1. **Clarity**: Numbered substudies show chronological progression
2. **Self-Documenting**: Each substudy explains its purpose
3. **Easy Comparison**: All results in one place (3_reports/)
4. **Less Clutter**: Study root only has essential files

### For Developers

1. **Predictable Structure**: Scripts can rely on consistent paths
2. **Automated Discovery**: Easy to find all substudies programmatically
3. **Version Control**: Clear history through numbered substudies
4. **Scalability**: Works for 5 substudies or 50

### For Collaboration

1. **Onboarding**: New team members can understand study progression quickly
2. **Documentation**: Substudy READMEs explain decisions made
3. **Reproducibility**: Clear configuration history
4. **Communication**: Easy to reference specific substudies in discussions

---

## FAQ

### Q: Should I reorganize my existing study?

**A**: Only if:
- Study is still active (more substudies planned)
- Current organization is causing confusion
- You have time to update documentation references

Otherwise, apply to future studies only.

### Q: What if my substudy doesn't have a fixed trial count?
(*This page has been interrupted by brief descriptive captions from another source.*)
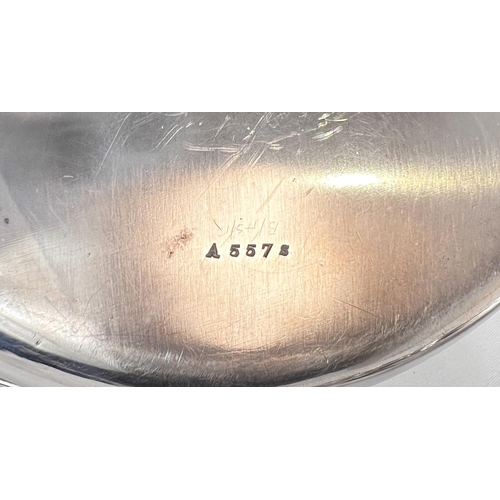 684 - A hallmarked silver muffin dish with ebonized handle, diameter 18cm, Sheffield 1938, maker James Dix... 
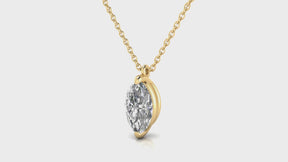 0.50ct Solitaire Marquise-Cut Lab Grown Diamond Necklace in 9ct Yellow Gold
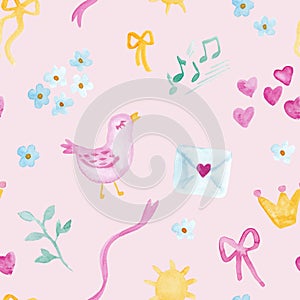 Birds with music notes and letters watercolor painting - hand drawn seamless pattern on pink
**A**: Use descriptive name instead:
- `05_refined_search_until_feasible`
- `06_sensitivity_sweep`
- `07_validation_run`

### Q: Can I delete old substudies?

**A**: Generally no. Keep for:
- Historical record
- Lessons learned
- Reproducibility

If disk space is critical:
- Use model cleanup to delete CAD/FEM files
- Archive old substudies to external storage
- Keep metadata and results.json files

### Q: Should benchmarking be a substudy?
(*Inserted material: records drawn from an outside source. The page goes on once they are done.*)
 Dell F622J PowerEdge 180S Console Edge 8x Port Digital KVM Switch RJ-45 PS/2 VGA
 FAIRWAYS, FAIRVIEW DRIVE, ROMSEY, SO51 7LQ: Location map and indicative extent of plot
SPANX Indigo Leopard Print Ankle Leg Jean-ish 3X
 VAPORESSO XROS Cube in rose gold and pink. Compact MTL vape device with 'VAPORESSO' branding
**A**: No. Benchmarking validates the baseline model before optimization. It belongs in `1_setup/benchmarking/`.

### Q: How do I handle multi-stage optimizations?
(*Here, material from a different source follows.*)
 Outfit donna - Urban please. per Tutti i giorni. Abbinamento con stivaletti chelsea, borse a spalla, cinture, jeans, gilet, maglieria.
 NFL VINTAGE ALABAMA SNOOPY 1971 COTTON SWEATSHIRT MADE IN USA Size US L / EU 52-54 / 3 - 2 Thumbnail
**A**: Create separate substudies:
- `05_stage1_meet_constraint_20trials`
- `06_stage2_minimize_mass_30trials`

Document the relationship in substudy READMEs.

---

## Summary

**Current Organization**: Functional but has room for improvement
- ✅ Substudy isolation works well
- ⚠️ Documentation scattered across levels
- ⚠️ Chronology unclear from names alone

**Proposed Organization**: Clearer hierarchy and progression
- 📁 `1_setup/` - Pre-optimization (model, benchmarking)
- 📁 `2_substudies/` - Numbered optimization runs
- 📁 `3_reports/` - Comparative analysis

**Next Steps**:
1. Decide: Reorganize existing study or apply to future only
2. If reorganizing: Follow migration guide
3. Update `study_metadata.json` with all substudies
4. Create substudy README templates
5. Document lessons learned in study-level docs

**Bottom Line**: The proposed organization makes it easier to understand what was done, why it was done, and what was learned.